Since 2018, American military officials have spoken openly about Russia helping the Taliban, as noted in a June 25 report from Congressional Research Service analyst Clayton Thomas.
But Russia is not alone in supporting the militant Afghans, he wrote.
“In the past two years, multiple U.S. commanders have warned of increased levels of assistance, and perhaps even material support, for the Taliban from Russia and Iran, both of which cite [Islamic State] presence in Afghanistan to justify their activities,” Thomas wrote.
That, too, is a longstanding situation, Pompeo said.
“Money flowing to Afghanistan to support the Taliban has been going on since we went to Afghanistan now almost two decades ago,” he said. “It's not just the Russians. Indeed, probably not majority are the Russians.”
Added Pompeo: “Money has flowed from lots of places — from Iran.”
The flow of weapons, money, and support are not linear within the nation that has been called “the graveyard of empires,” sources said.
On Monday, CIA Director Gina Haspel addressed the bounties story by suggesting that her agency is investigating whether proxies had been used.

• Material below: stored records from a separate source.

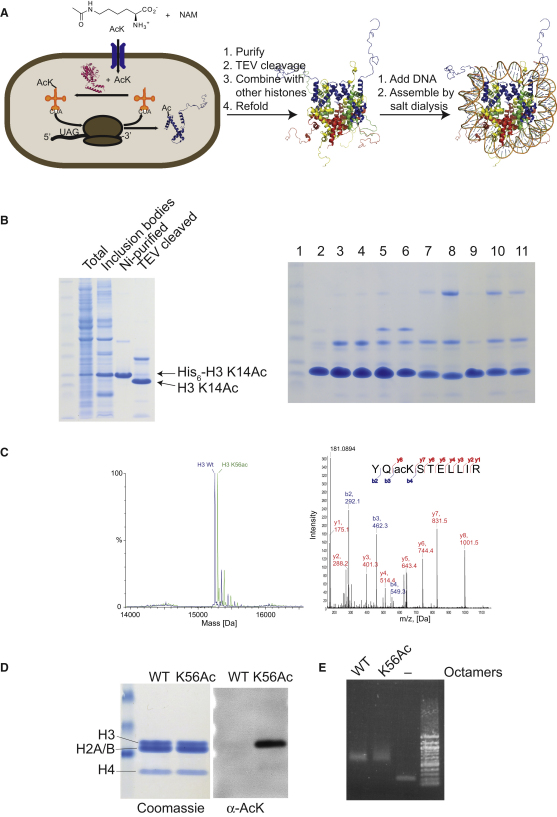 Figure 2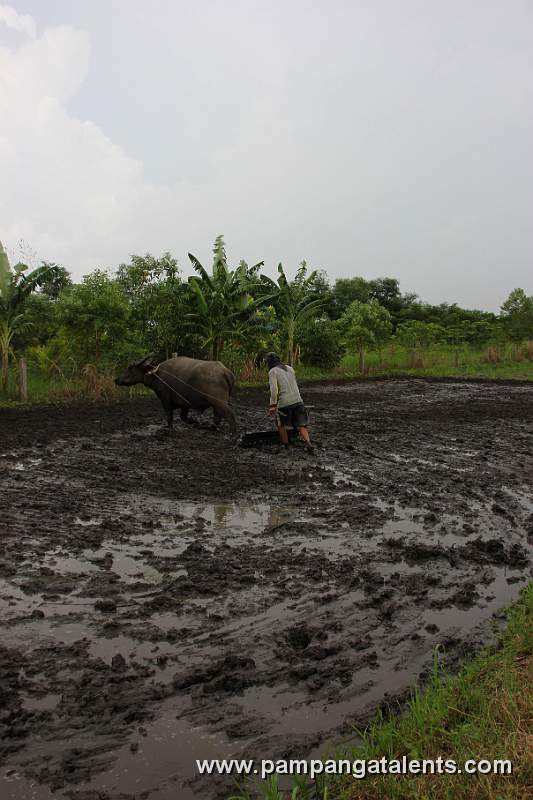 Farmer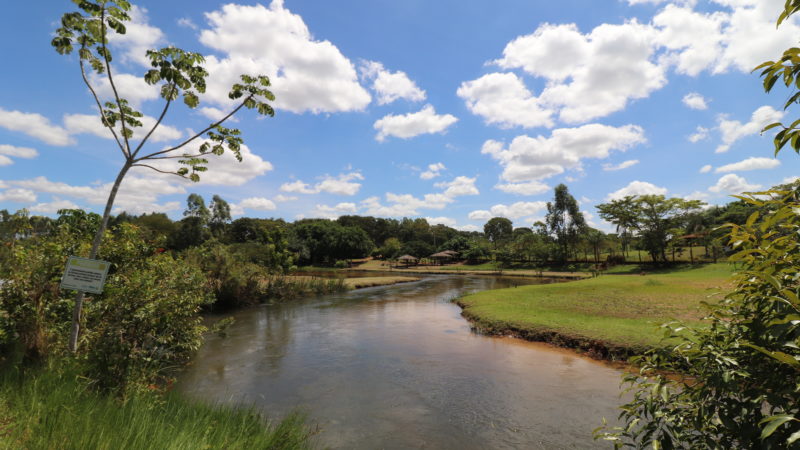 Ribas do Rio Pardo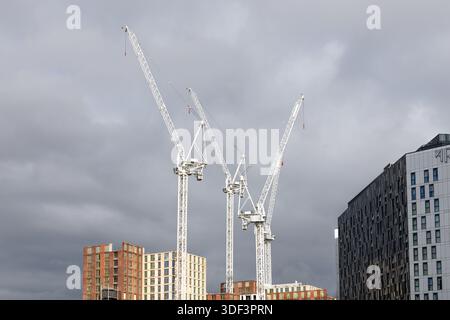 Stadtentwicklung mit Turmkränen über Stadtgebäuden. London, Vereinigtes Königreich, 17. März 2024 Stockfoto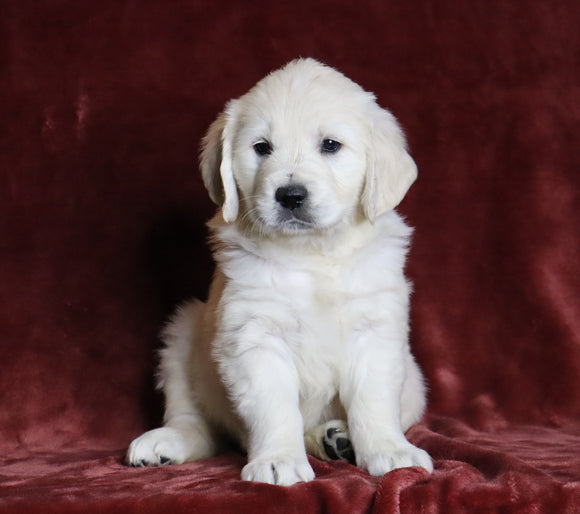 AKC Registered English Cream Golden Retriever For Sale Fredericksburg, OH Female- Precious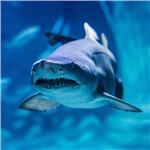 izmir Funtastic Aquarium Giriş Bileti köpek balığı akvaryumu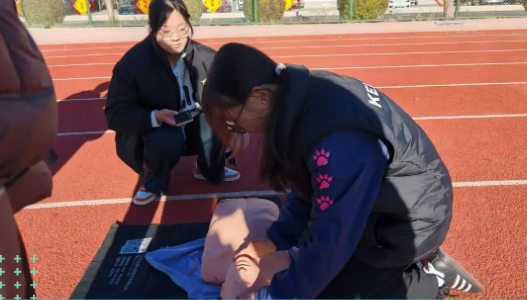 45dd8a43d5bb4ca483e839667e02608c.png 45dd8a43d5bb4ca483e839667e02608c.png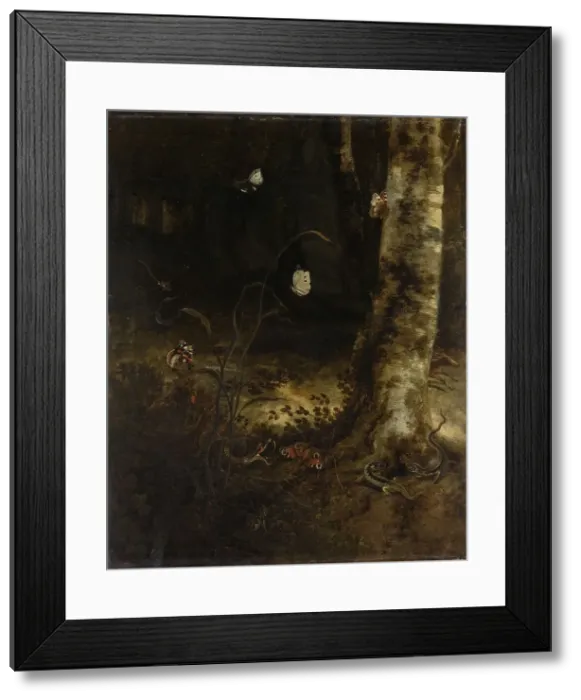 Framed Print : Forest Floor with a Snake, Lizards, Butterflies and other Insects, 1650-1678. Creator: Otto Marseus van Schrieck Framed Print : Forest Floor with a Snake, Lizards, Butterflies and other Insects, 1650-1678. Creator: Otto Marseus van Schrieck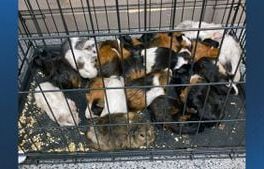 ‘Dire situation’: Nearly 50 guinea pigs found abandoned near Dracut brook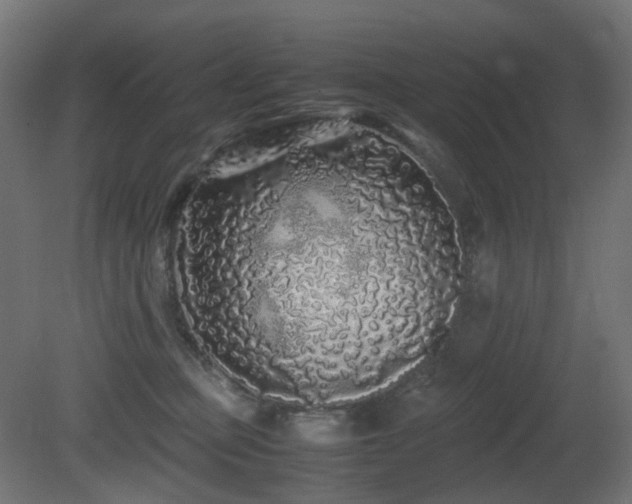 X0000081350373200701111501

“Hostile states’ use of proxies in war zones to inflict damage on U.S. interests and troops is a constant, longstanding concern,” Haspel said in a statement. “CIA will continue to pursue every lead; analyze the information we collect with critical, objective eyes; and brief reliable intelligence to protect U.S. forces deployed around the world.”
The practice is widespread throughout the region, one observer told Just the News.
“It is absolutely possible that Russians remained engaged with the Taliban through other regional countries during 2018 and 2019,” said Mushtaq Rahim, who studies conflict and peace in Afghanistan. “Playing proxies has been a trademark of the Afghan conflict, and it continues to be to this day.”
As questions persist over who knew what about bounties, and whether Russia offered such payments, U.S. intelligence officials have held briefings for American lawmakers. The briefings were held on Capitol Hill in secret sessions. In public, though, Haspel alluded to why no one outside of the intelligence community claimed to validate the bounty reports.
“When developing intelligence assessments, initial tactical reports often require additional collection and validation,” Haspel said.
Noted the South Asian intelligence source: “The reports also should be current.”